I think if I were another team in the AL I’d be somewhat concerned.  The Sox have money to spend and they didn’t fire Bloom to bring in someone to run the club on a budget.  If they were going to do that they’d have kept Bloom and I think you can make a case for Bloom sticking around and at least getting one year of loosened purse strings to take a shot.

But I think this is the right call.  For me Chaim Bloom’s biggest flaw was his timidity.  I think his tenure really can be summed up by one deal.  In the 2021/22 off-season just moments before the lockout he traded Hunter Renfroe for Jackie Bradley Jr. and a couple of minor leaguers.  It was a pretty blah deal; trade high, build the system and bring back a known quantity.  However, that known quantity was one that had known flaws.  Had Bloom backstopped that with the 2022 version of Chris Young or Gabe Kapler or Jonny Gomes…great.  The idea that JBJ would hit .083 or whatever wasn’t THAT big a reach.  Instead there was no fall back.  And that’s not where the Sox are now.  This team is well situated to move forward.  There are holes to be sure but they are obvious 2B (or SS depending on where you put Story) and of course the rotation.  The Sox need to get a stud pitcher this winter and I don’t think Chaim Bloom is the guy for it.

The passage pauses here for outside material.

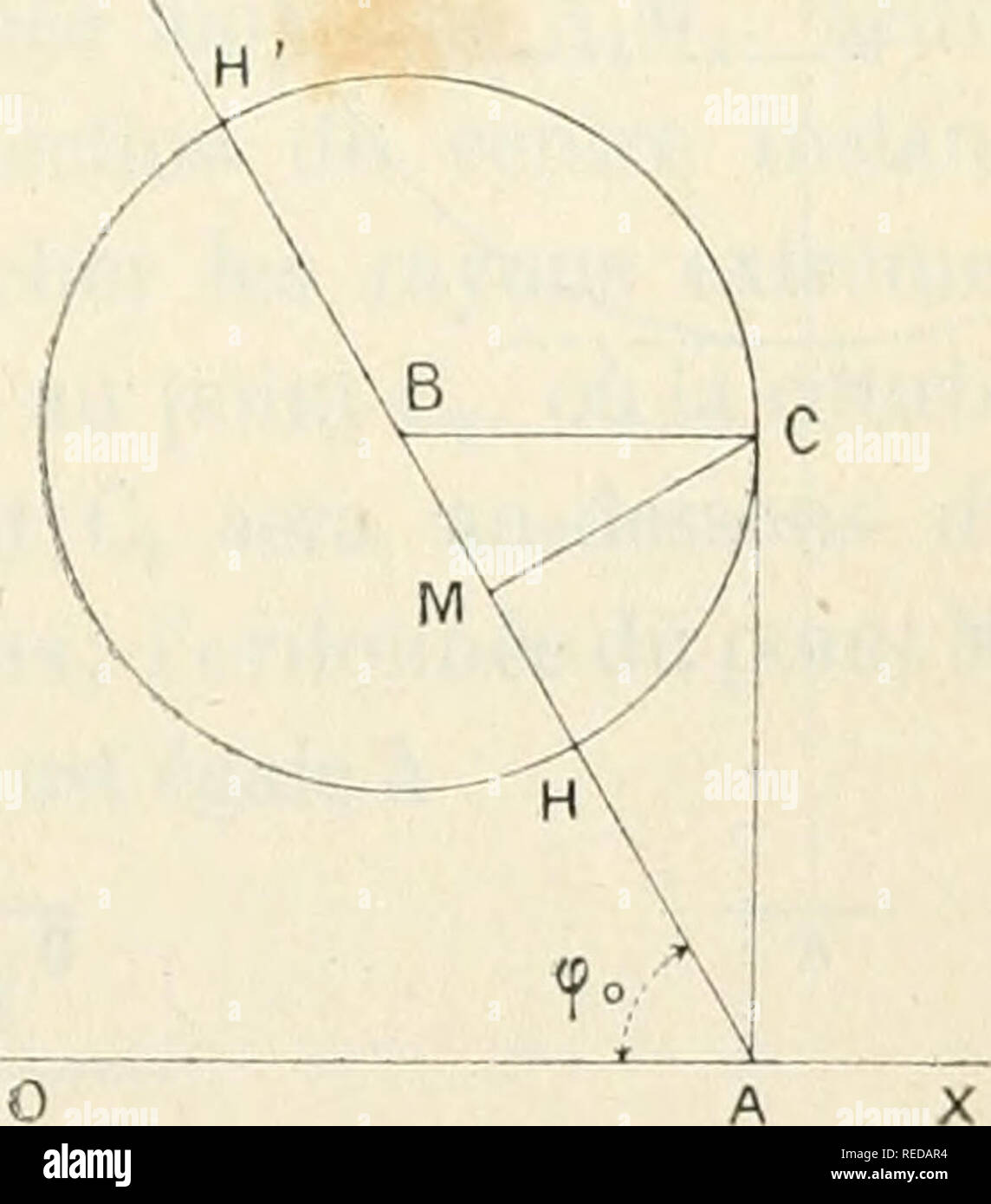 . Compte rendu. Science; Science -- Congresses. FiG. 19. La circonfÃ©rence HH' coupe en gÃ©nÃ©ral la droite AN en un second point C, auquel correspond une autre courbe directrice XÃ', et une autre vitesse Ã©gale Ã 6, normale Ã CM. Le mouvement s'ar- rÃªte lorsque les deux points C et C sont con- fondus en un seul ; ce qui a lieu lorsque l'angle o devient Ã©gal Ã sa limite cpo- Le rayon BC est alors parallÃ¨le Ã OX (fig. W). On a les Ã©galitÃ©s BA=: BC = lah â¢et, dans la position gÃ©nÃ©rale de la figure, AC =. Fig. 20. a dt) MC = AT TC = Tt a 11 tang p., a. Please note that these images are ex Stock Photo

In the end I think Bloom was set up to fail.  A team already fading, a directive to trade the greatest player in a generation and a lack of funds to replace him, that’s not a winning formula.  But he leaves having taken the bullet and hands the reins over with the Sox looking very much like they did after the 1997 season when Duquette was given the chance to build on what he had.  If the next GM can do what Duquette did from 1998-2002 I think we will be pretty happy.

Jose is an Absurd Sultan Posted: September 14, 2023 at 01:08 PM | 37 comment(s) Login to Bookmark
  Related News:

Reader Comments and Retorts

Go to end of page

Statements posted here are those of our readers and do not represent the BaseballThinkFactory. Names are provided by the poster and are not verified. We ask that posters follow our submission policy. Please report any inappropriate comments.

   1. Darren Posted: September 14, 2023 at 02:07 PM (#6141313)
The RF situation in 2022 and the SS situation in 2023 were the worst of Bloom. Dealing Renfroe and having replacement-level replacements was a big and ugly miss. Similarly, letting Bogaerts walk and not finding a SS of any kind left a big and unnecessary hole.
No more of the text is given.